Figure 1: Amazon Cognito sign-in flow

OAuth 2.0 and OIDC

OAuth 2.0 is an open standard that allows a user to delegate access to their information to other websites or applications without handing over credentials. OIDC is an identity layer on top of OAuth 2.0 that uses OAuth 2.0 flows. OAuth 2.0 defines a number of flows to manage the interaction between the application, user, and authorization server. The right flow to use depends on the type of application.

The client credentials flow is used in machine-to-machine communications. You can use the client credentials flow to request an access token to access your own resources, which means you can use this flow when your app is requesting the token on its own behalf, not on behalf of a user. The authorization code grant flow is used to return an authorization code that is then exchanged for user pool tokens. Because the tokens are never exposed directly to the user, they are less likely to be shared broadly or accessed by an unauthorized party. However, a custom application is required on the back end to exchange the authorization code for user pool tokens. For security reasons, we recommend the Authorization Code Flow with Proof Key Code Exchange (PKCE) for public clients, such as single-page apps or native mobile apps.

The following table shows recommended flows per application type.

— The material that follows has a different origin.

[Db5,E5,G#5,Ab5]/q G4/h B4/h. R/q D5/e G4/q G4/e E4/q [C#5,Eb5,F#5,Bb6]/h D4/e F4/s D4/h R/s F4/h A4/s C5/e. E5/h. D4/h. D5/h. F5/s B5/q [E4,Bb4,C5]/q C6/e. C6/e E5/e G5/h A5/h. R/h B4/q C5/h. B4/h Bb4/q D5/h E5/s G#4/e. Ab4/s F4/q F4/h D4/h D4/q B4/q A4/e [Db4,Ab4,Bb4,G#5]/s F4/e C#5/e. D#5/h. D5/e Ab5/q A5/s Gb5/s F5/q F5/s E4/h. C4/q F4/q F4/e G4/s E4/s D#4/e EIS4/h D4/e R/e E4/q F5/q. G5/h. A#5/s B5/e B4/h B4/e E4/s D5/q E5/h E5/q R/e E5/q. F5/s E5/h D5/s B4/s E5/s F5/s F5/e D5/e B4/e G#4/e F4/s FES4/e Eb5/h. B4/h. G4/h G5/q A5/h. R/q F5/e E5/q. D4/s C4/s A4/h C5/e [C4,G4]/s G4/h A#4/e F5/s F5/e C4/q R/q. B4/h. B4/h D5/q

Application	CFlow	Description
Machine	Client credentials	Use this flow when your application is requesting the token on its own behalf, not on behalf of the user
Web app on a server	Authorization code grant	A regular web app on a web server
Single-page app	Authorization code grant PKCE	An app running in the browser, such as JavaScript
Mobile app	Authorization code grant PKCE	iOS or Android app

Securing the authorization code flow

Amazon Cognito can help you achieve compliance with regulatory frameworks and certifications, but it’s your responsibility to use the service in a way that remains compliant and secure. You need to determine the sensitivity of the user profile data in Amazon Cognito; adhere to your company’s security requirements, applicable laws and regulations; and configure your application and corresponding Amazon Cognito settings appropriately for your use case.

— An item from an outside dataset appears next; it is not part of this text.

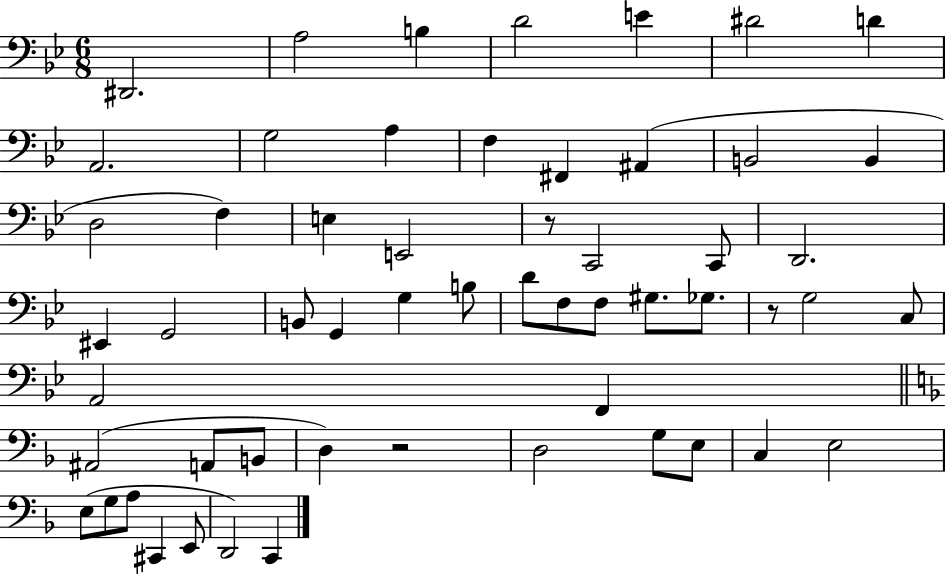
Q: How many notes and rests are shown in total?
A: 56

Note: You can learn more about regulatory frameworks and certifications at AWS Services in Scope by Compliance Program. You can download compliance reports from AWS Artifact.

We recommend that you use the authorization code flow with PKCE for single-page apps. Applications that use PKCE generate a random code verifier that’s created for every authorization request. Proof Key for Code Exchange by OAuth Public Clients has more information on use of a code verifier. In the following sections, I will show you how to set up the Amazon Cognito authorization endpoint for your app to support a code verifier.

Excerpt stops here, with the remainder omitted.